Want to contribute to the hips package?

Great! Talk to us by filing a Github issue any time (it doesn’t have to be a concrete feature request or bug report).

This package was created using the Astropy affiliated package template, and everything works pretty much as in Astropy and most affiliated packages.

We didn’t write any developer docs specifically for this package yet. For now, check out the Astropy core package developer docs, or just talk to us if you have any questions.

Install development version

Install the latest development version from https://github.com/hipspy/hips :

git clone https://github.com/hipspy/hips
cd hips
pip install .

Then run the tests with either of these commands:

python -m pytest -v hips
python setup.py test -V

To run all tests and get a coverage report:

python setup.py test -V --remote-data --coverage

To build the documentation, do:

python setup.py build_docs

Get the hips-extra test datasets

To run tests accessing files from hips-extra repository:

git clone https://github.com/hipspy/hips-extra.git

Developers must have it cloned on their system, otherwise some test cases will be skipped. This contains tiles from different HiPS surveys which are used by the drawing module. After this, the HIPS_EXTRA environment variable must be set up on their system. On UNIX operating systems, this can be set using

export HIPS_EXTRA=path/to/hips-extra

Why only Python 3?

This package requires Python 3.6 or later.

It will not work with Python 2.7 or 3.5!

This was a choice we made when starting this package in summer of 2017, at a time when Jupyter had just made their Python 3 only release and other packages we depend on (like Astropy) were about to drop support for legacy Python (Python 2).

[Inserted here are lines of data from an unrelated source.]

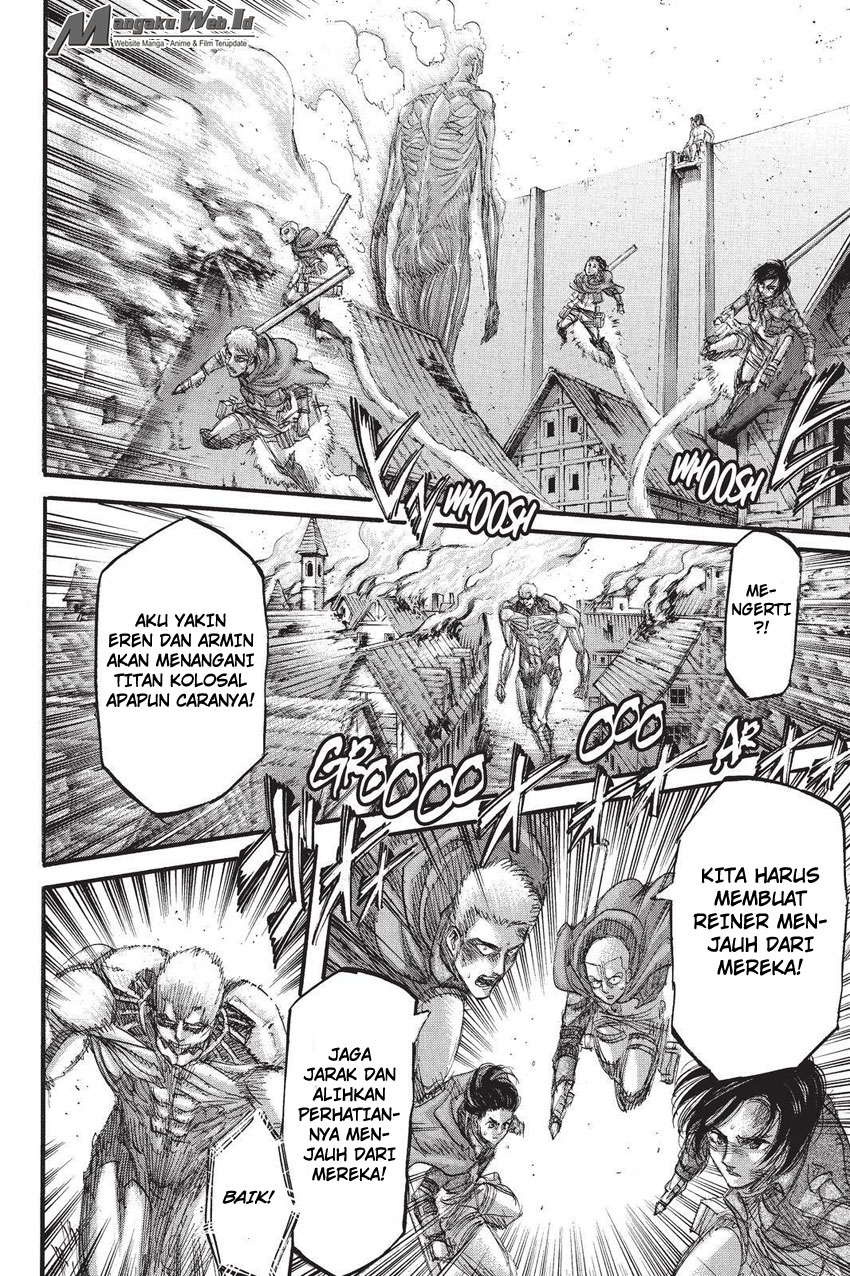 Shingeki no Kyojin chapter 82 halaman 4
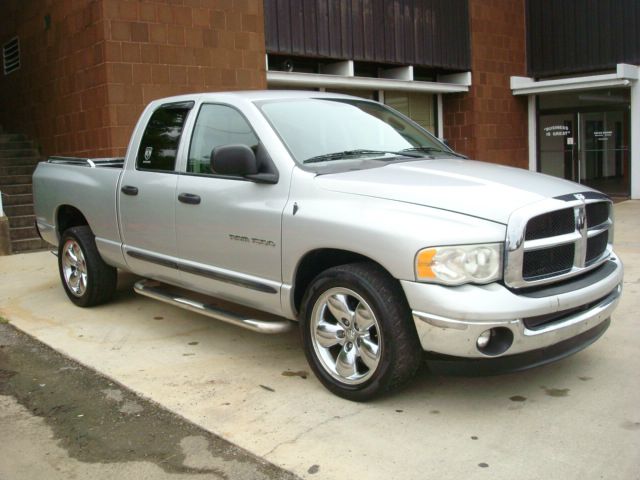 Dodge Ram 1500 2003 photo 4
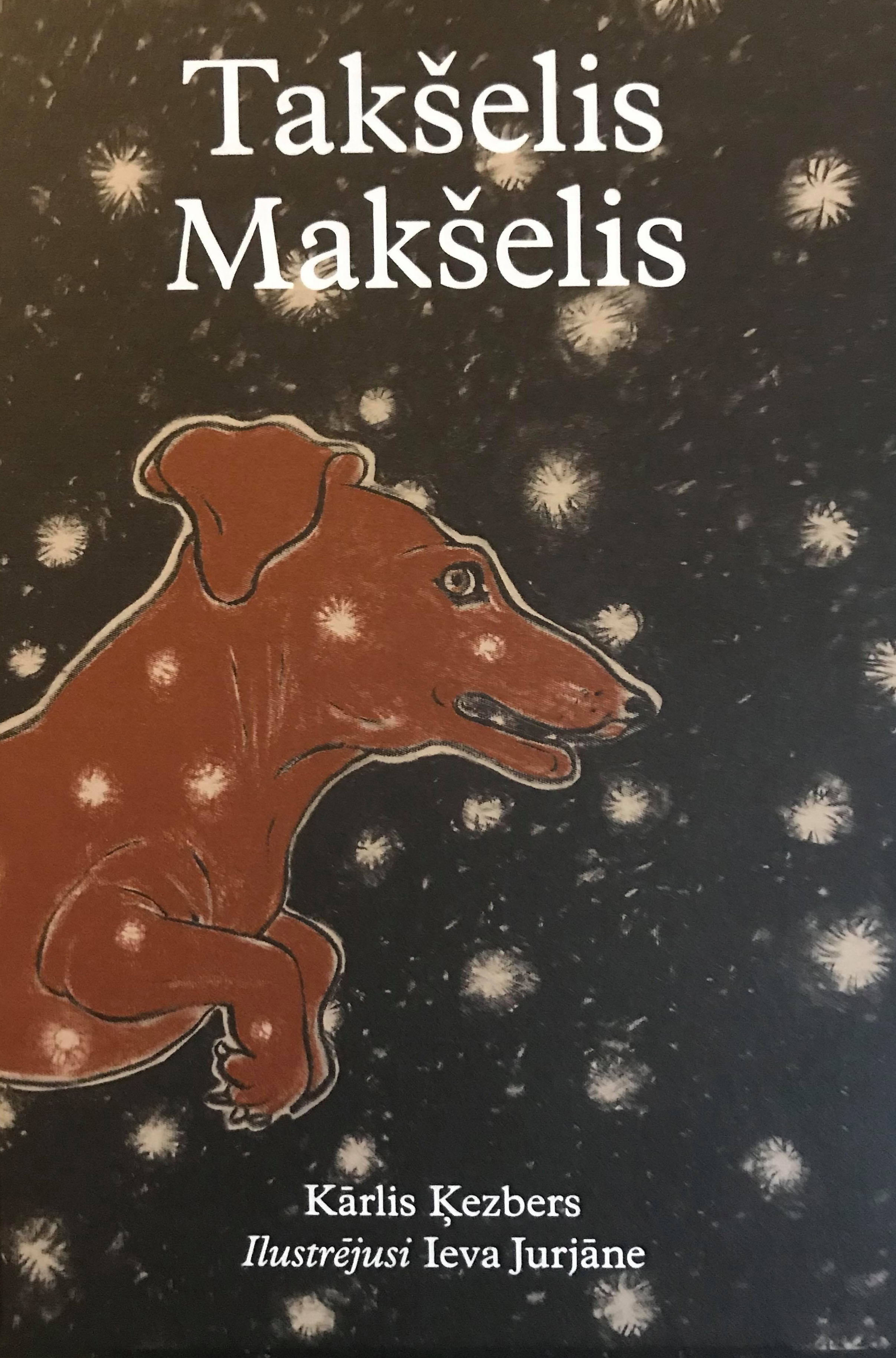 Takšelis Makšelis (Hardcover)
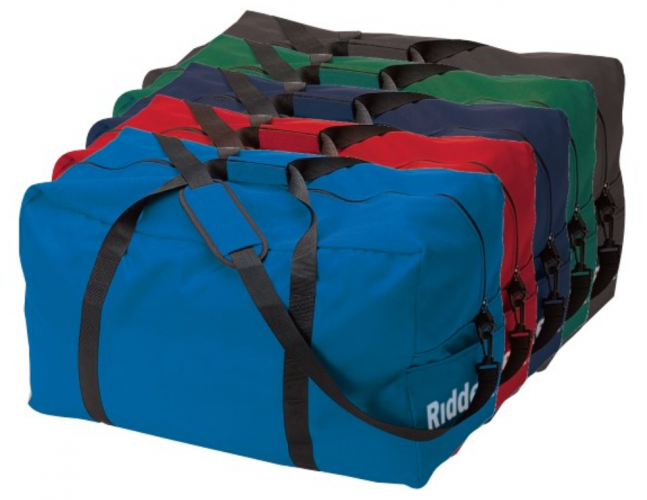 Riddell Equipment Travel Bag - Colore: Navy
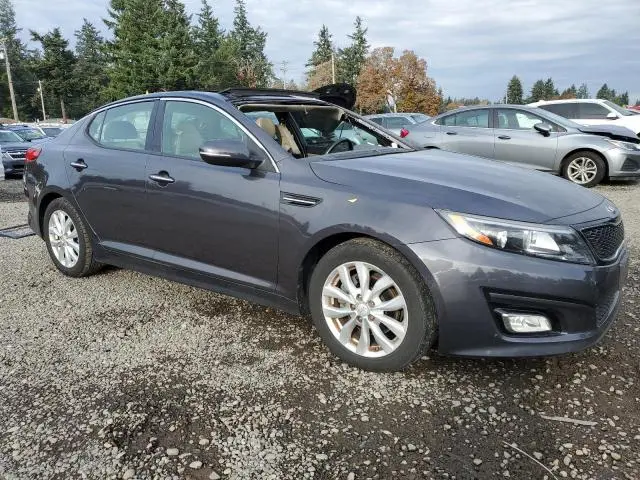 2015 KIA OPTIMA EX  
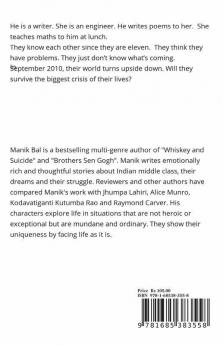 Pink Lines On A Dark Sky: A Clean Contemporary Romance
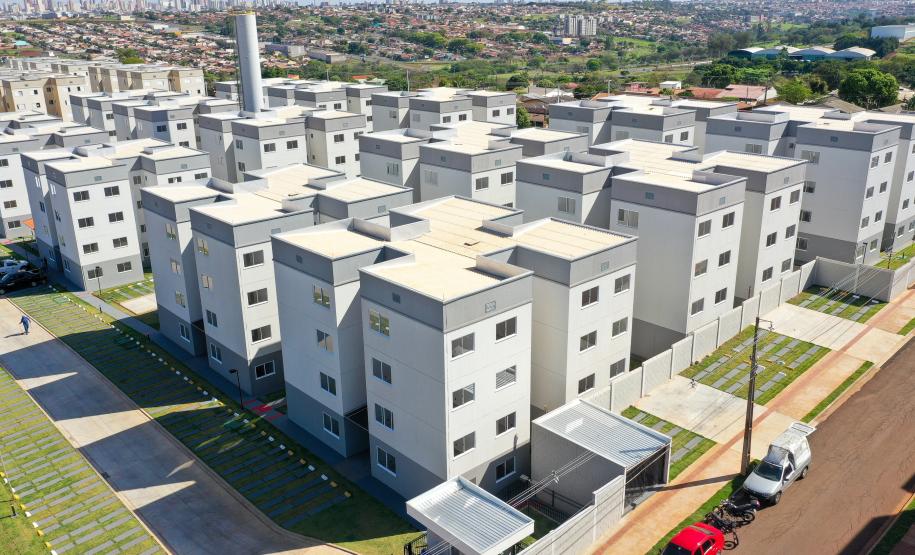 Aporte de R$ 2,5 milhões do Estado ajuda 166 famílias de Londrina a comprarem apartamento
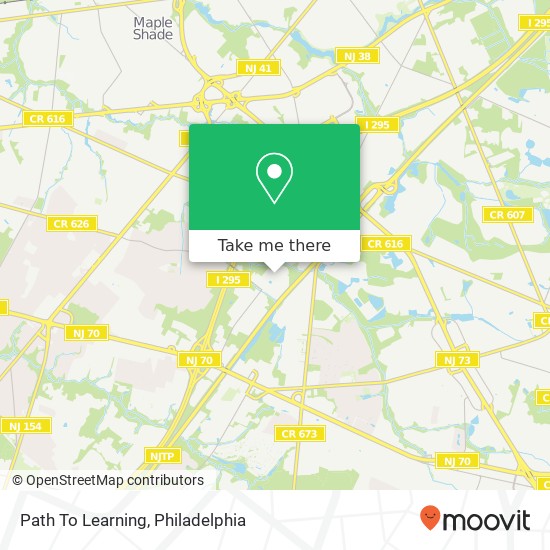 Path To Learning map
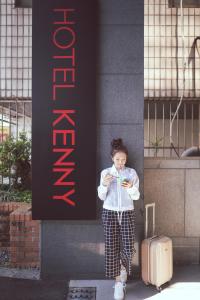 Kenny Stay Jeju Seogwipo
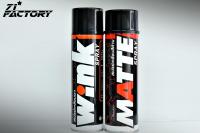 LUBE71 สเปรย์เคลือบ WINK (600 มล.) + สเปรย์ MATTE (600 มล.)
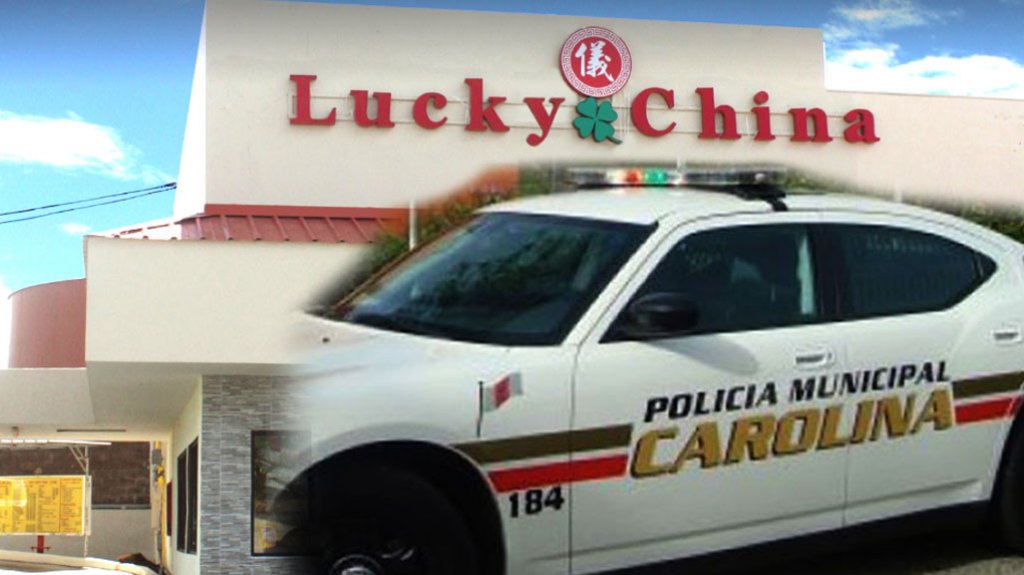 Escalan restaurante chino cargando con art&iacute;culos electr&oacute;nicos y dinero en efectivo en Carolina 
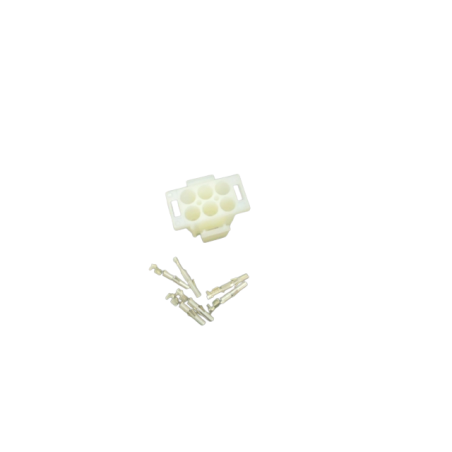 Zephyr 30S - 6-Way Plug Kit (PC6)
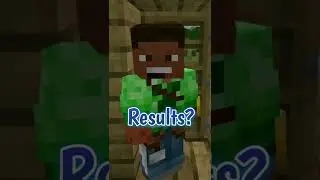 Getting Your Results With Asian Difficulty On Be Like {Minecraft Skit} 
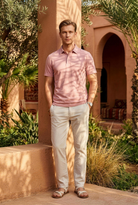 SEVILLE POLO PINK - editorial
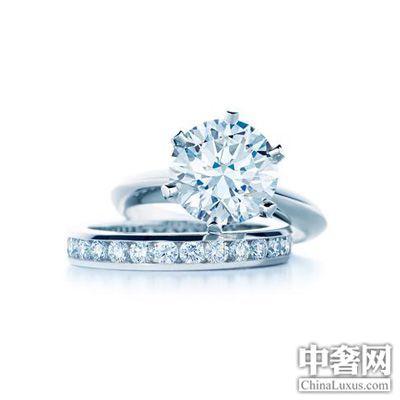 全球十大钻石婚戒：蒂芙尼(Tiffany&Co)钻戒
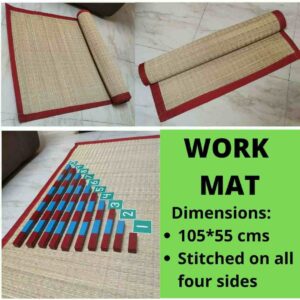 Montessori Work Mat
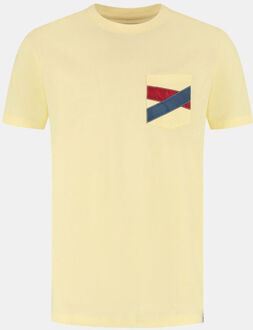 Buitenmens Pocket Tee T-Shirt Groen - L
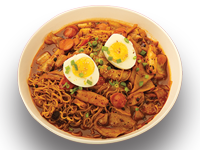 Mala Rabokki (ဆန်ချောင်း ခေါက်ဆွဲပြုတ်)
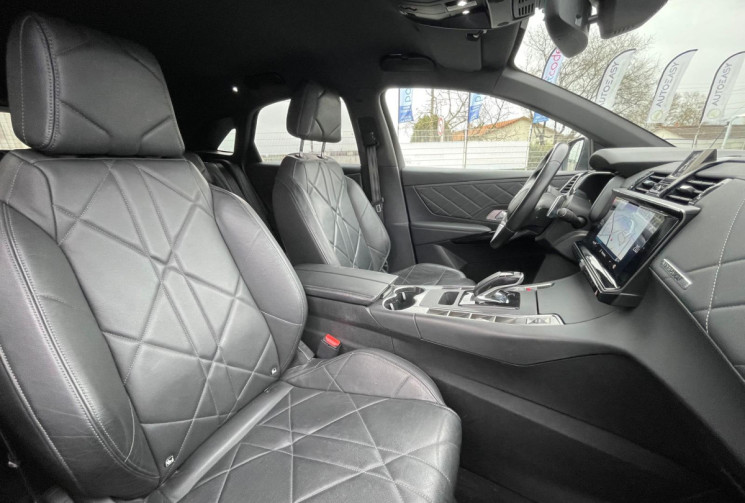 DS DS 7 Crossback 2.0 HDI 180 GRAND CHIC- BOITE AUTOMATIQUE - GARANTIE 12 MOIS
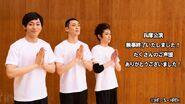 Photo of Karasuno second years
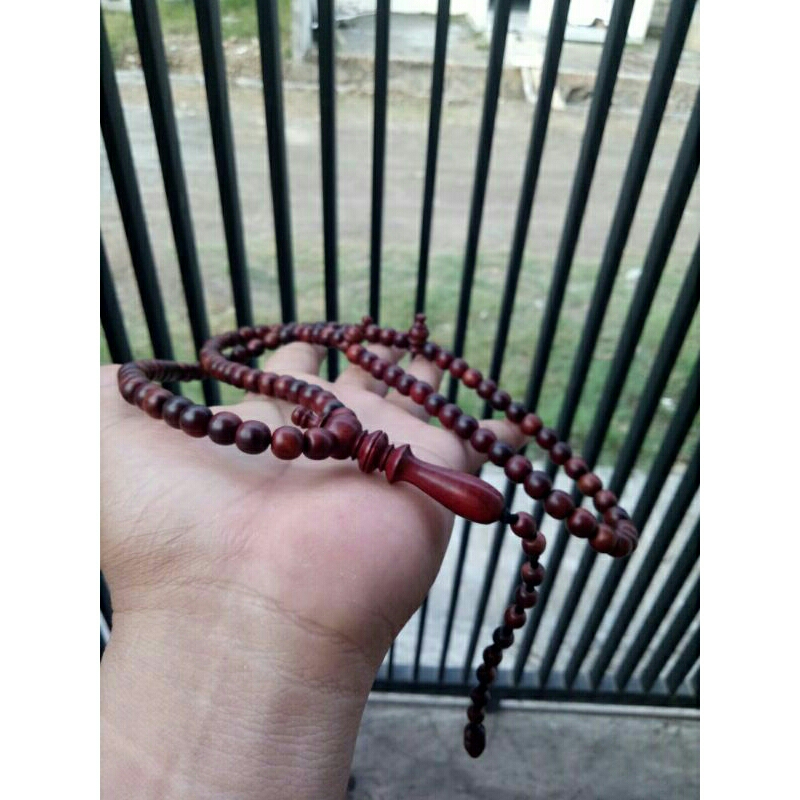 tasbeh akar galih nagasari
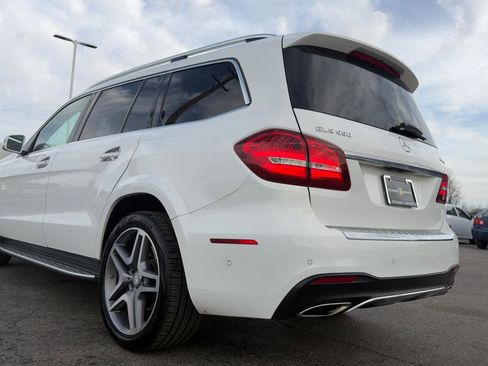 Used 2017 Mercedes-Benz GLS 550 4MATIC image 7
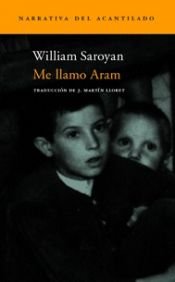 book cover of Mitt namn är Aram by William Saroyan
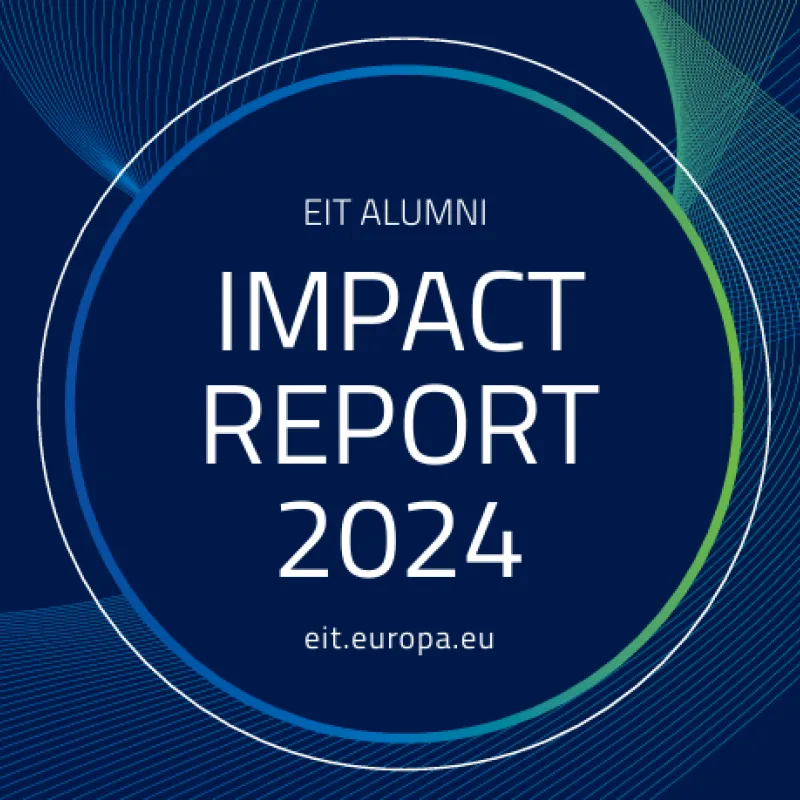 impact report front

Supporting only Python 3 means we e.g. get these benefits:

  • async / await for asynchronous HiPS tile fetching (introduced in Python 3.5)
  • Keyword-only arguments (introduced in Python 3.0)
  • Type annotations (some only introduced in Python 3.6)
  • f-strings (introduced in Python 3.6)

At the moment, the only Python 3.6 only feature we use are f-strings, so if several potential users that are on Python 3.5 and can’t easily upgrade for some reason complain, we might consider supporting Python 3.5 in the next release.